Required action: Return every line below as is, leaving out the pictures.

Recorded data:
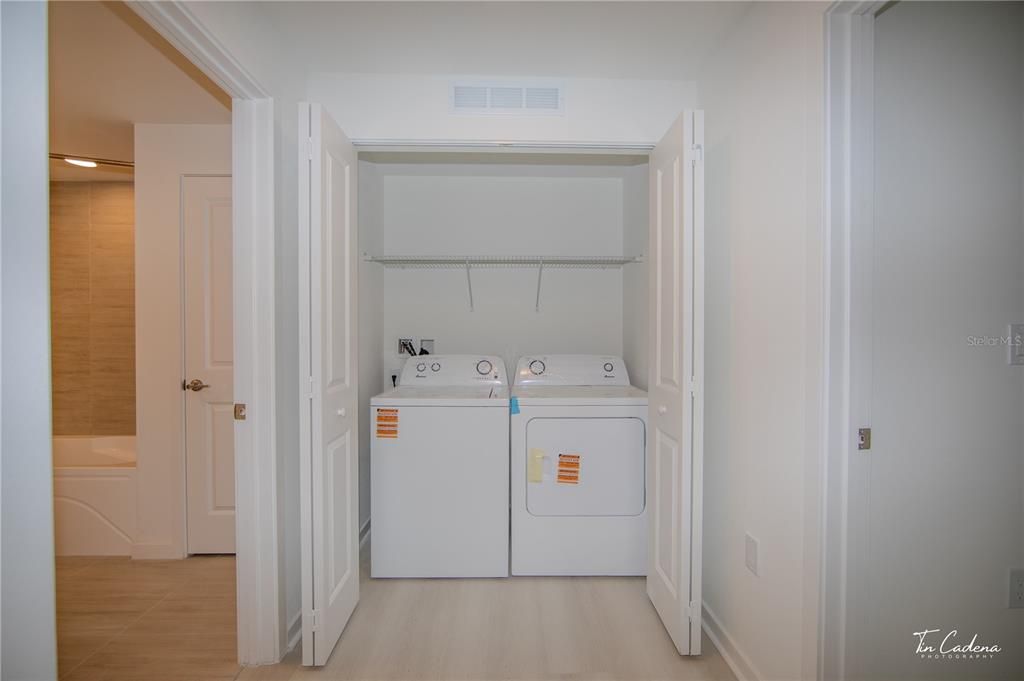 В аренду: $1,590 (2 спален, 2 ванн, 1023 Квадратных фут)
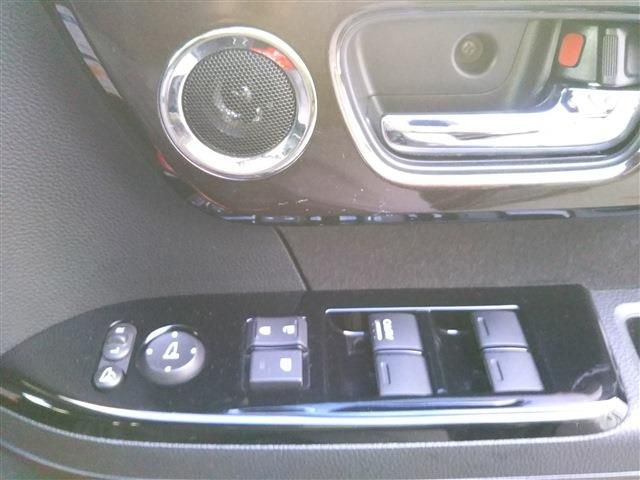 HONDA N BOX CUSTOM 2018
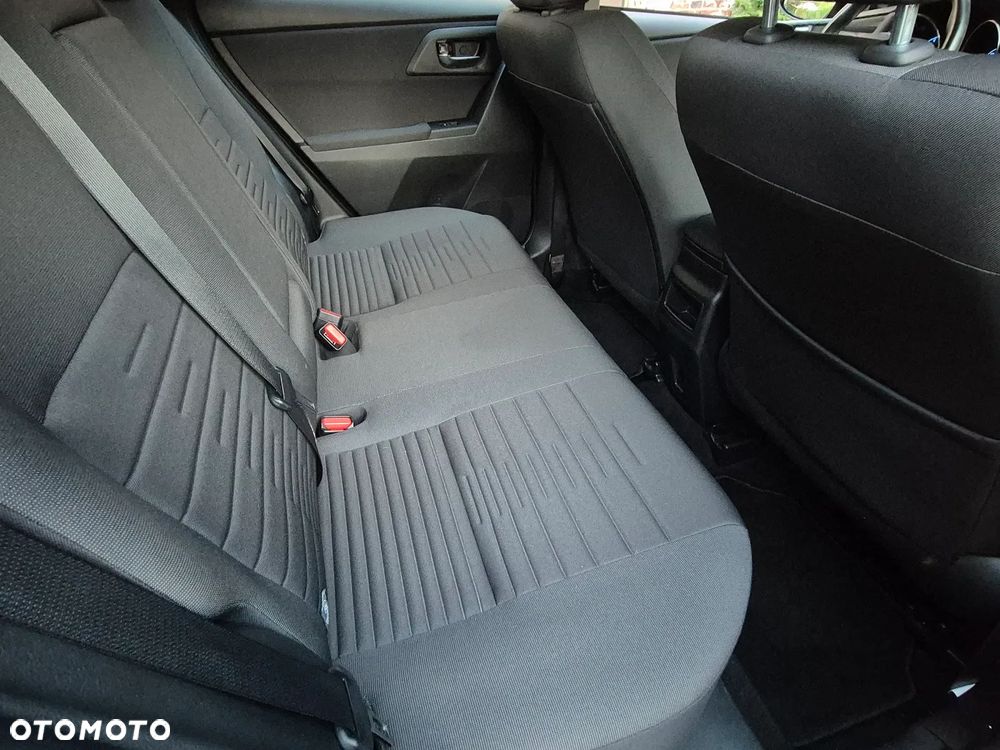 Toyota Auris - 31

Result of this task:
 В аренду: $1,590 (2 спален, 2 ванн, 1023 Квадратных фут)
 HONDA N BOX CUSTOM 2018
 Toyota Auris - 31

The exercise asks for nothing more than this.